Le vaghe promesse di “trasparenza”, “democrazia” e “cambiamento” dell’MDC di Tsvangirai sono apparse perciò a molti soltanto slogan per nascondere gli obiettivi dei grandi interessi stranieri nel paese sudafricano, ostacolati dal nazionalismo economico promosso da Robert Mugabe. Non a caso, la prospettiva di “cambiamento” avanzata dal principale partito di opposizione è stata respinta proprio da quella fascia di popolazione che avrebbe dovuto risultare maggiormente sensibile a questa promessa, cioè gli elettori più giovani che, secondo i dati ufficiali, hanno invece premiato in larga misura lo ZANU-PF.

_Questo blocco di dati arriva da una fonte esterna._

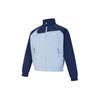 (GS) Куртка Sportswear Amplify Woven с полной молнией 'Light Armoury Blue' Детская FN9134-440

Se le proteste dell’MDC contro i risultati del voto della scorsa settimana dovessero proseguire nei prossimi giorni, è probabile dunque che lo Zimbabwe assisterà a nuove violenze, come conferma in questi giorni il dispiegamento di forze di sicurezza nella capitale, Harare, e nelle altre più importanti città. A gettare benzina sul fuoco potrebbero essere ancora una volta anche i governi occidentali, a cominciare da quello americano, i cui progetti di espansione nel continente africano continuano ad essere parzialmente frustrati da regimi come quello guidato da oltre trent’anni da Robert Mugabe.